Hello, welcome!
I haven't thought about this for a little while but let's see:
a few definitions first:
time = a floating point value of seconds
bit depth = the amplitude resolution; quality; usually 8, 16, or 24 but I think the max in DBC is 16.
Channels = mono , or stereo = 1 or 2 channels
Sample Rate = how many small pieces of sound pass through the sound generator in a second . Often stated as frequency this is not the PITCH of a sound but the rate at which the information in the file processed. The higher the rate, the more sound information per second, thus the better quality. CD quality is 44,100 samples per second. DVD sound quality averages about 96,000 samples per second
bytes=((time in seconds) X (bit depth / 8) X (channels) X (sample rate)) + header size
header = the file header. Can differ between sound formats. Once loaded into DBC, I'm not sure how the header is treated unless the sound is converted to a memblock in which case the header is 12 bytes.

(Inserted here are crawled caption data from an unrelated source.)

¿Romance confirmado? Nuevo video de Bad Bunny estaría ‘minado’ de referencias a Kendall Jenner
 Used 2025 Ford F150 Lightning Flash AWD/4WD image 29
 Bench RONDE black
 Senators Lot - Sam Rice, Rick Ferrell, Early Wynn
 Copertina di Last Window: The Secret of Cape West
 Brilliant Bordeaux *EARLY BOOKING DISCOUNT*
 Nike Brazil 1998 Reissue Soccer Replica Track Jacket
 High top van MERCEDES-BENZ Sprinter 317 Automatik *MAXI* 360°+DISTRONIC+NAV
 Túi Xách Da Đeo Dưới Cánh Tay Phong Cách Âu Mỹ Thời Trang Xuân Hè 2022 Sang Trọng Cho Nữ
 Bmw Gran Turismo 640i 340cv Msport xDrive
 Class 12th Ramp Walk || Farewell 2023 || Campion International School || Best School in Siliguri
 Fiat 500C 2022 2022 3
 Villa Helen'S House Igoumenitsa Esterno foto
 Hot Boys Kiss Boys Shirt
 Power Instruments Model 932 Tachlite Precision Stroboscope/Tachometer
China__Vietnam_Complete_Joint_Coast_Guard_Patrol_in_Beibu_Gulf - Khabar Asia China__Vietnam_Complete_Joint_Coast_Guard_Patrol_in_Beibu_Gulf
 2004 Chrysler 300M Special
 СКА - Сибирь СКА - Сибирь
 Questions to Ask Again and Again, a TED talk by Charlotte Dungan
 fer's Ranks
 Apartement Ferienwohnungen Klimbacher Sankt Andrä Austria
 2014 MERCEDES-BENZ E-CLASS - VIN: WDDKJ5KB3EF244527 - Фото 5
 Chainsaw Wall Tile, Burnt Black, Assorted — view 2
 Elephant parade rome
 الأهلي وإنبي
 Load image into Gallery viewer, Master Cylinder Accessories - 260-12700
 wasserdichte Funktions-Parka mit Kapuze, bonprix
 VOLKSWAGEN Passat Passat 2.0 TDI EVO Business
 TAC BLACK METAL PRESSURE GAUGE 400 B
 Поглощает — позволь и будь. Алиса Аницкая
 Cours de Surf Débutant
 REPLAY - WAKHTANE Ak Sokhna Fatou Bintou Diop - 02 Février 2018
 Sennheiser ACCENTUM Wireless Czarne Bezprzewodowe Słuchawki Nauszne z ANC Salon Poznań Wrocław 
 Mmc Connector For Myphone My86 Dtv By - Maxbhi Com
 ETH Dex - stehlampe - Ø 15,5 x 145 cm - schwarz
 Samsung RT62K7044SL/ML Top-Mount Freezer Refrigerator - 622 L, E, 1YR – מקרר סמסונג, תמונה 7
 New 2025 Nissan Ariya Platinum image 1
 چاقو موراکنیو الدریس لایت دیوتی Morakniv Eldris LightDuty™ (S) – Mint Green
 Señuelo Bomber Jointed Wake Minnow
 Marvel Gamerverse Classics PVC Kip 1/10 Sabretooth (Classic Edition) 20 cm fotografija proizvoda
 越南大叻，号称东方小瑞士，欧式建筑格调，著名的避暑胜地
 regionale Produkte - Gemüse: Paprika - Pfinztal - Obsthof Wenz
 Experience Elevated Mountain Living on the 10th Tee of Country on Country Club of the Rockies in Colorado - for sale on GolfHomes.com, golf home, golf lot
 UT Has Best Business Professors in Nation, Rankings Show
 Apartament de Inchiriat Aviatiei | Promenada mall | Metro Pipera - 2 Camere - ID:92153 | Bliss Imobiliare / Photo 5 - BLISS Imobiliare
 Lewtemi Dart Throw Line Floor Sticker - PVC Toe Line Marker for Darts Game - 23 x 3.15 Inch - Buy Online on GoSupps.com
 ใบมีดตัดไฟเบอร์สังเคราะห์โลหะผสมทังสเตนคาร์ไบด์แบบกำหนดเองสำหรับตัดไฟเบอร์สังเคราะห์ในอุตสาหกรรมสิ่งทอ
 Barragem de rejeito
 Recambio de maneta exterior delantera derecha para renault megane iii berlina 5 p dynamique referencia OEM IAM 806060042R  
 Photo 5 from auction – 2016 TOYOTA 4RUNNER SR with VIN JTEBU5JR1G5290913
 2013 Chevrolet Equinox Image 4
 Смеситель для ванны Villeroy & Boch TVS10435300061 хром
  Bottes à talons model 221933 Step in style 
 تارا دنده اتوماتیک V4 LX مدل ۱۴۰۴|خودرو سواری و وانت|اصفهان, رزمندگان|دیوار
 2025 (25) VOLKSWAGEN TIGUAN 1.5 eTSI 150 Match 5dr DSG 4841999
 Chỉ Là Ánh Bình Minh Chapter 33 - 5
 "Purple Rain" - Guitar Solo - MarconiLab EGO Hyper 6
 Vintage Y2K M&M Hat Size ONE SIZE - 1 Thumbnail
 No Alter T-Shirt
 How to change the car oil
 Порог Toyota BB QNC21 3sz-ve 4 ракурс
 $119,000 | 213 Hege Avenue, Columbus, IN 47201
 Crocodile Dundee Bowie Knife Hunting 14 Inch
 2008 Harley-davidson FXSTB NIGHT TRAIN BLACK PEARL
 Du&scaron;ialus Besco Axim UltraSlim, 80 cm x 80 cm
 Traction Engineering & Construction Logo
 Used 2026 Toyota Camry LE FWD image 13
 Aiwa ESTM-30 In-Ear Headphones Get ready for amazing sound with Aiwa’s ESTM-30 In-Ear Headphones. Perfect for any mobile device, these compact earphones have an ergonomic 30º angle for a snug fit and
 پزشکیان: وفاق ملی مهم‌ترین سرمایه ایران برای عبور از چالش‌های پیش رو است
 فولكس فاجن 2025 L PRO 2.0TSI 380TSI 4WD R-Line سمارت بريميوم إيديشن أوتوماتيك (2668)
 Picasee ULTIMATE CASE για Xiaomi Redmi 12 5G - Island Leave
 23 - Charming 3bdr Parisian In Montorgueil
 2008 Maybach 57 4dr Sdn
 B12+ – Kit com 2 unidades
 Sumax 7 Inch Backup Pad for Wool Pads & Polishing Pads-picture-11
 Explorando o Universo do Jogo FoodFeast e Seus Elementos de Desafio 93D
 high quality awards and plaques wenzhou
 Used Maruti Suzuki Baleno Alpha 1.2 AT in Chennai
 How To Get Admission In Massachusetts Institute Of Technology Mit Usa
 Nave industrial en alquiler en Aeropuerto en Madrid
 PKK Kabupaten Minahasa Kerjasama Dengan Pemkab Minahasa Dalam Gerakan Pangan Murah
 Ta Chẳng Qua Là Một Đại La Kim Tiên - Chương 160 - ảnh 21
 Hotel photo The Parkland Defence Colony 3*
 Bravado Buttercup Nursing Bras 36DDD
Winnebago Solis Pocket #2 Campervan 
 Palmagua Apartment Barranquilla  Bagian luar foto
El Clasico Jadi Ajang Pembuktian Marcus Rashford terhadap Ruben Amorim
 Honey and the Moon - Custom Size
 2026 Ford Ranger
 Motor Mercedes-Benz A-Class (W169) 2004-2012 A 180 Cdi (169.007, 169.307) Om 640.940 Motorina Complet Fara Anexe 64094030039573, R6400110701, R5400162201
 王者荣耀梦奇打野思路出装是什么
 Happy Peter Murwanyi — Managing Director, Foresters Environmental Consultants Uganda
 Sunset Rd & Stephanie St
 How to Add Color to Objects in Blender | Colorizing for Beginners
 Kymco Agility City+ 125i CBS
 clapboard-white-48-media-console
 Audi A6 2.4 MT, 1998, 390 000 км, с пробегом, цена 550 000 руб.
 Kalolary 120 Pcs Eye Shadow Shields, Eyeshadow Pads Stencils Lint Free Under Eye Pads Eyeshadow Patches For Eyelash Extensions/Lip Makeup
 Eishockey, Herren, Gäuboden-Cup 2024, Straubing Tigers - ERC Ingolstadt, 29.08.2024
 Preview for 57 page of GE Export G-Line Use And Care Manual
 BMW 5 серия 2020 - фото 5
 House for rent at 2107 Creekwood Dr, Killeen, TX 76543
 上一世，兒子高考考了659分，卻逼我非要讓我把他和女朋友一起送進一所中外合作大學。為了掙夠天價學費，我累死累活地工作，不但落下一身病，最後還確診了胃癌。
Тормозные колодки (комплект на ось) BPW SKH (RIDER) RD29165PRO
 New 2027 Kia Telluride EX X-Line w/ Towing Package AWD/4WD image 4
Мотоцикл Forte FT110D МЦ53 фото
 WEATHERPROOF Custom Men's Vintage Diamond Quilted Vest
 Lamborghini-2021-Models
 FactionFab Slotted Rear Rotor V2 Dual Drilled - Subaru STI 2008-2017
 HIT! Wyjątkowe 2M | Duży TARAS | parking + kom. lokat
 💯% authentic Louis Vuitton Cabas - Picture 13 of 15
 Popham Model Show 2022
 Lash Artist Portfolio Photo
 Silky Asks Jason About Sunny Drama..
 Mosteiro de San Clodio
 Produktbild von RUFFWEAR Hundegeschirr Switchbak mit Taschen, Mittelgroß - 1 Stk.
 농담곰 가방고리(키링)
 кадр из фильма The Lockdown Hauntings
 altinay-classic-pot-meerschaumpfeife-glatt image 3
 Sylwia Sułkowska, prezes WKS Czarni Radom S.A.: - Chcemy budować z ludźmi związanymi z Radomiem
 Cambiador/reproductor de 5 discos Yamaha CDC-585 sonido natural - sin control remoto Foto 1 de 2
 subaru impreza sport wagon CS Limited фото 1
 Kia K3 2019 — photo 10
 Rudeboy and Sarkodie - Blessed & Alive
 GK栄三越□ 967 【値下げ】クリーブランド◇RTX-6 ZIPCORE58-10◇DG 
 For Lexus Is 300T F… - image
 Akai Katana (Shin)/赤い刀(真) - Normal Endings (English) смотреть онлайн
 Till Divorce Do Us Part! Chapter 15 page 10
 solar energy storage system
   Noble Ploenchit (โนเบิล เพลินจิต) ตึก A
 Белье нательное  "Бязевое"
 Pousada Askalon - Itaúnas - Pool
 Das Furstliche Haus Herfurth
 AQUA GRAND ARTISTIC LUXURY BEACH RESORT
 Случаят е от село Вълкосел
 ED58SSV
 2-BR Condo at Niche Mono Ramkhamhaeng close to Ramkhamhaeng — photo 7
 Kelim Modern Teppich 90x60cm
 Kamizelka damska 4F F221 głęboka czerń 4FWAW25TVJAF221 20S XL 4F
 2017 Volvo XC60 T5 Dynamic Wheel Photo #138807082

so if you had a monophonic sound playing at a sample rate of 44.1khz for 2 seconds with a bit quality of 16 the byte position would be
bytes = (2 * (16/8) * 1 * 44100) + (header size)
I'm not sure if once the sound is loaded it is converted to a memblock format internally with a custom header in which case the header size is 12 bytes . But the header size might be 0 depending on how the sound is stored internally. The calculation is based on the file itself (RIFF .wav) . So it's probably a safe bet to leave off the header size in the calculation. You can experiment a little bit to see how close the position is.
Enjoy your day.